Mallya's extradition will be governed by the extradition treaty signed between India and the UK in 1992, under which only one person -- the fugitive Samirbhai Vinubhai Patel -- has so far been extradited.
Following the preliminary hearing on Tuesday, Mallya will now have to appear for an extradition hearing in the next few weeks, where a magistrate will decide if the accusations against Mallya merit an extradition so Mallya can stand trial in India. If granted, the UK home secretary has the final say in the matter.
However, there are a number of provisions in the UK laws that don't make extradition easy. For example, the UK laws prohibit extradition where the accused could potentially face a death penalty or human rights violations, or tried for charges other than the ones for which the extradition request has been granted. Mallya also has the right to contest the verdict in higher courts in the UK.

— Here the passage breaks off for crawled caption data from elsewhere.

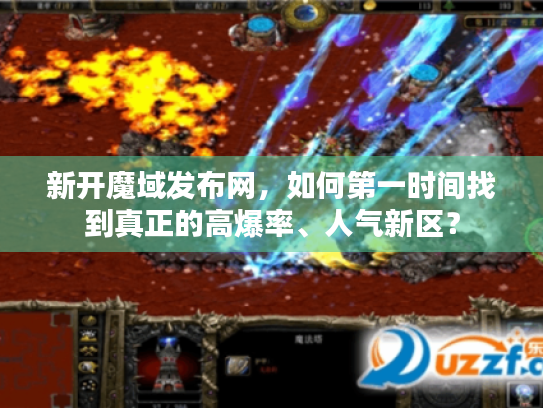 新开魔域发布网,如何第一时间找到真正的高爆率、人气新区? 新开魔域发布网,如何第一时间找到真正的高爆率、人气新区?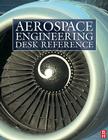 Aerospace Engineering Desk Reference By Howard D. Curtis, John Watkinson, Antonio Filippone Cover Image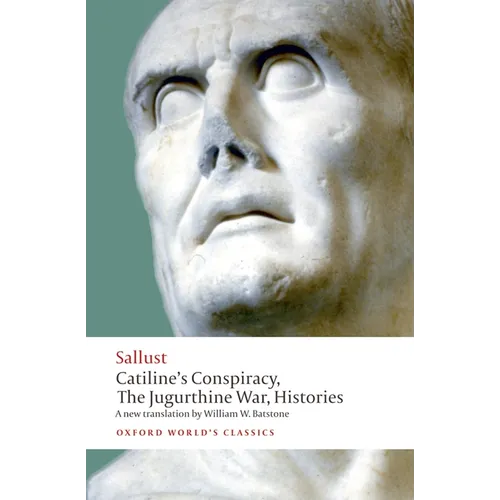 Catiline's Conspiracy, the Jugurthine War, Histories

Many high profile cases where India has sought extradition are stuck in limbo or denied including that of former IPL chairman Lalit Modi. In addition to Mallya, at least nine extradition requests are pending with the UK, the Indian Express reported.
What's next for banks?
While it's uncertain to what extent banks stand to recover all they are owed, they are looking at Mallya's arrest as a positive next step, especially the signal it gives out to the larger business community.
So far, banks have been able to recover a portion of dues by auctioning Mallya's properties in India, but have rejected a settlement offer by Mallya. Recently, the banks sold his Kingfisher Villa in Goa for Rs 73 crores. Many of his properties on the auction block have also faced difficulty in funding buyers, according to media reports. For example, his Kingfisher House in Mumbai remains unsold.
The Mallya case also highlights that public sector banks in India are becoming increasingly more vocal taking tough stands against big loan defaulters. A public sector banker involved in the recovery of loans from Mallya told Mint, "If a borrower wants to drag legitimate repayment to banks or plans to escape the country, he will think twice due to this case."
To be sure, Mallya's loan default alone isn't enough for extradition as it is a civil wrong. Accusations of money laundering and cheating are more serious offenses, for which the UK authorities could find merit in extraditing him, Ramesh Loganathan, Managing Partner, Advaya Legal, points out.